◆ **What the exercise asks**: Output only the lines below from the one holding "A bedroom with" down to the one holding "131 South Pitt", both end lines included and every picture dropped.

::: Records for this task :::

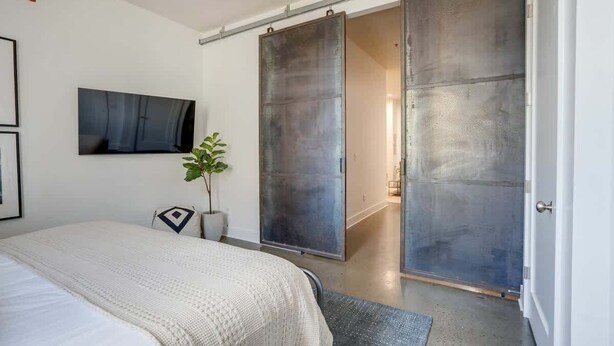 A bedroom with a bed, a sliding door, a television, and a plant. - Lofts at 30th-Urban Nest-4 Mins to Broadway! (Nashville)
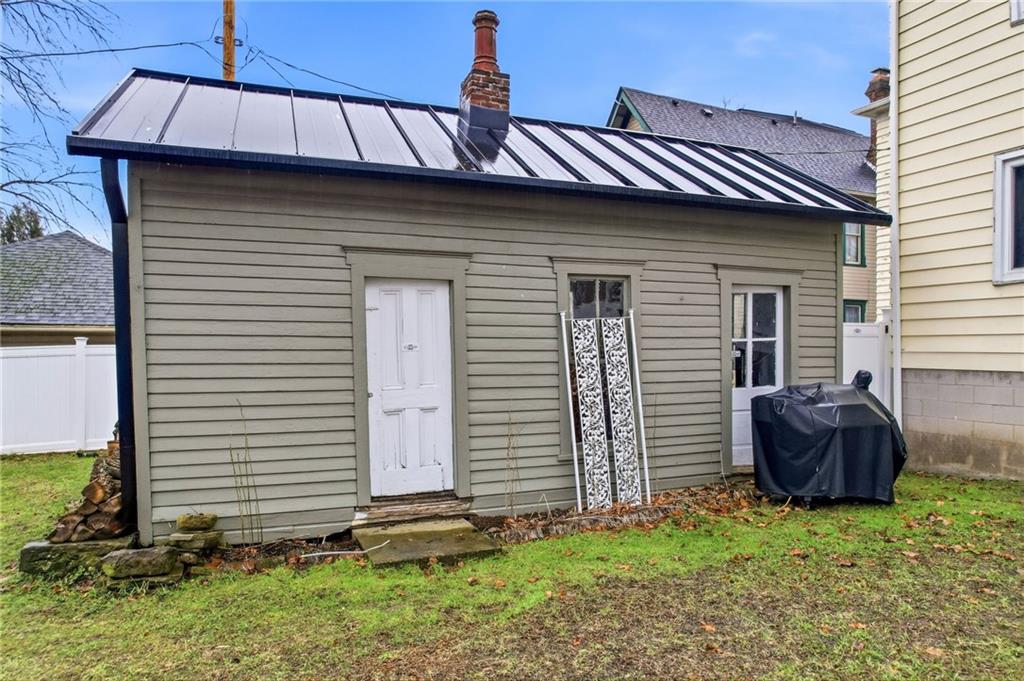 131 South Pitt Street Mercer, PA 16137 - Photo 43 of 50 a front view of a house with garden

:::
::: Records for this task :::

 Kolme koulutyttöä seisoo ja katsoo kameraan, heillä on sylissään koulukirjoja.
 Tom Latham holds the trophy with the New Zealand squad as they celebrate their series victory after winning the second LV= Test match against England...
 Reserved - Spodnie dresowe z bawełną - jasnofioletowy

:::
::: Records for this task :::

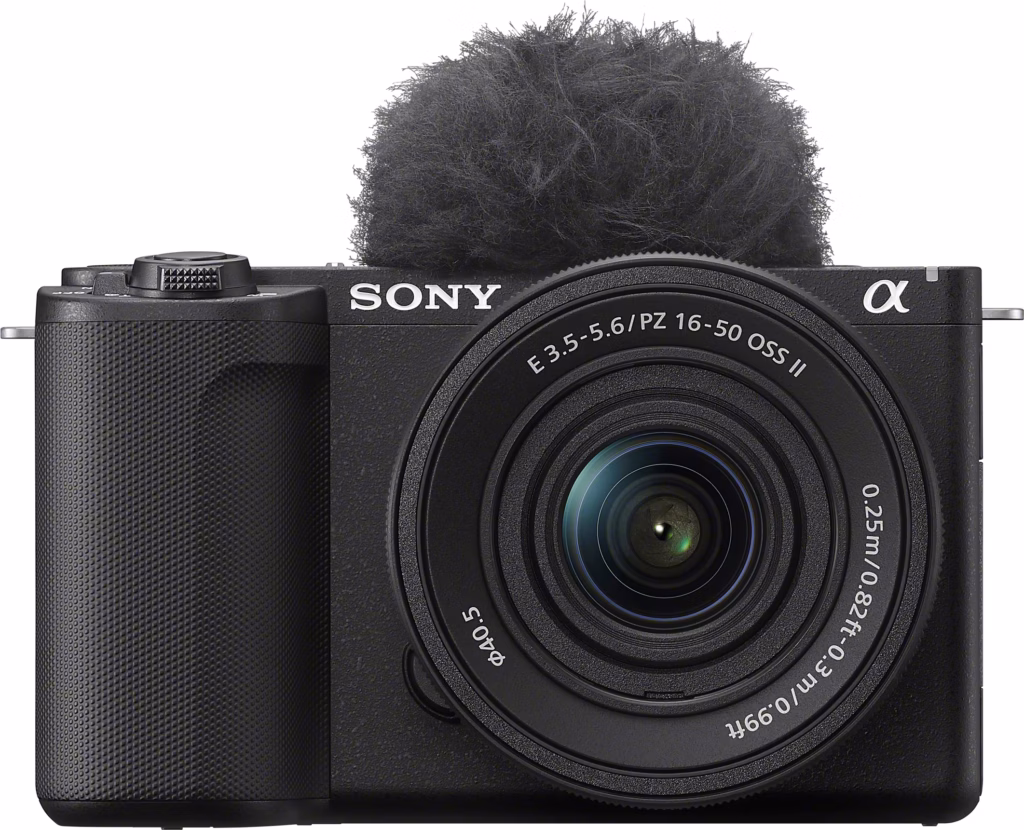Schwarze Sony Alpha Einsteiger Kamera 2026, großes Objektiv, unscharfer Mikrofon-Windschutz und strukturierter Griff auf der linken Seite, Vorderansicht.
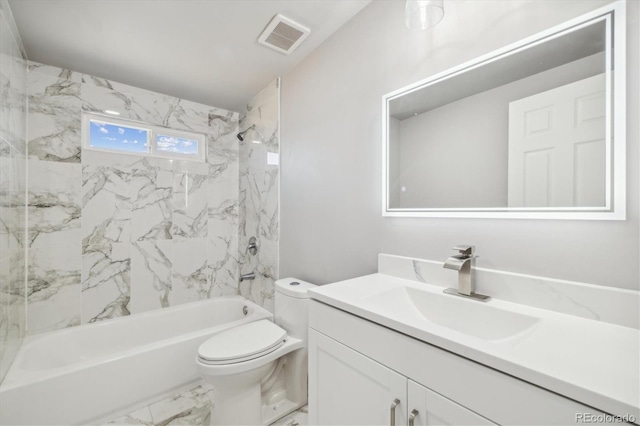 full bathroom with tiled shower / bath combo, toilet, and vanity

:::

◆ **Result**:
 A bedroom with a bed, a sliding door, a television, and a plant. - Lofts at 30th-Urban Nest-4 Mins to Broadway! (Nashville)
 131 South Pitt Street Mercer, PA 16137 - Photo 43 of 50 a front view of a house with garden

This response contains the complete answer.